The Vexatious
Confiscations, The Galleys, The Torture Of The Wheel, The Gibbet, - All
Were Successively But Unsuccessfully Resorted To As A Means To Convert
Them.
The unhappy Protestants' sole aim was to escape from the band which
tortured them, in vain were they prohibited
From quitting the kingdom, and
those who aided them in their flight sent to the galleys - five hundred
thousand escaped to Holland, to Germany, to England, and to the English
colonies in America. They carried thither their wealth, their industry,
and after such a separation - ill blood and thirst for revenge, which
subsequently cost their native country very dear.

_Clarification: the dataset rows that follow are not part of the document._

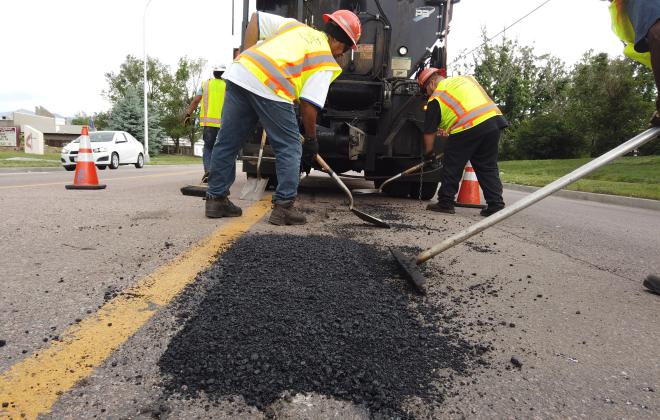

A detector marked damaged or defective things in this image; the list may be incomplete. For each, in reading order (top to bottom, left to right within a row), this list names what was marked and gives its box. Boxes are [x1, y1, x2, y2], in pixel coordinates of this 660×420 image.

large pothole repair [159, 235, 488, 418]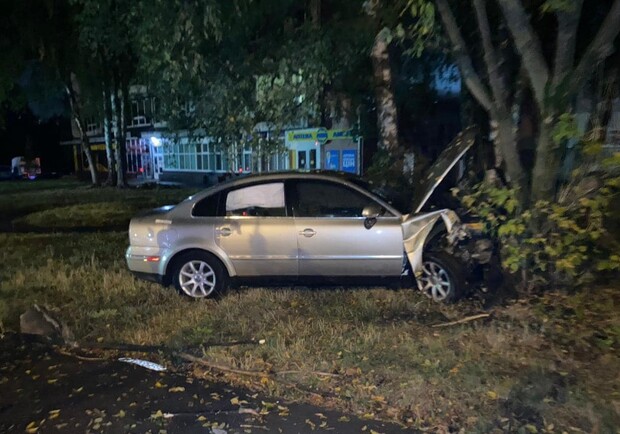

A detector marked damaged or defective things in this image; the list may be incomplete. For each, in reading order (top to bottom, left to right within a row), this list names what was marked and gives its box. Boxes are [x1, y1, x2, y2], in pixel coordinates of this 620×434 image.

crashed silver sedan [126, 131, 492, 304]
crumpled front hood [412, 126, 480, 213]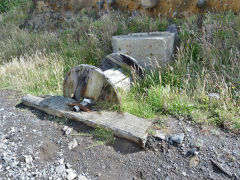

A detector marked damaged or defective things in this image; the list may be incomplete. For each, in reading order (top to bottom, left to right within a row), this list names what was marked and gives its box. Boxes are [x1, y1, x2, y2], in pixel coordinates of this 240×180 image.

broken concrete piece [111, 31, 175, 68]
broken concrete piece [22, 94, 152, 146]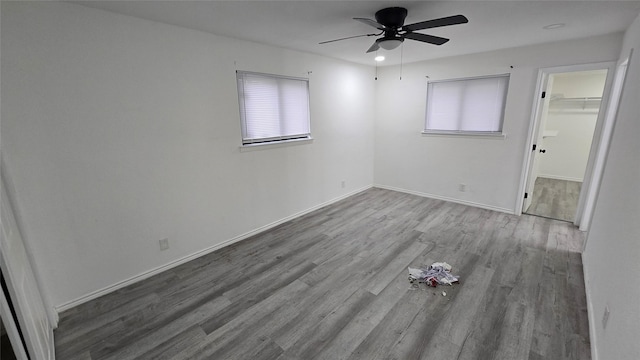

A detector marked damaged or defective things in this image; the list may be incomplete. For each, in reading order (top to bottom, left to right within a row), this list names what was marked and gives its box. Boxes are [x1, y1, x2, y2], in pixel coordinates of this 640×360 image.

William III, who more
than once charged the French troops at the heads of French regiments, and
Roman Catholic and Huguenot regiments, were seen, when recognising one
another on the battle-field, to rush on one another with their bayonets,
with an onslaught more ferocious than soldiers of different nationalities
exhibit to one another. How advantageous would not have been an
emigration, strong in numbers and composed of men, wealthy, enlightened,
peaceful, laborious, such as the Huguenots were - to people the shores of
the St. Lawrence, or the fertile plains of the West? At least, they would
not have borne to foreign lands the secret of French manufactures, and
taught other nations to produce goods which they were in the habit of
going and procuring in the ports of France. A fatal policy sacrificed
these advantages to the selfish views of a party - armed by the alliance of
the spiritual and temporal power with an authority, which denied the
breath of life to conscience as well as to intellect.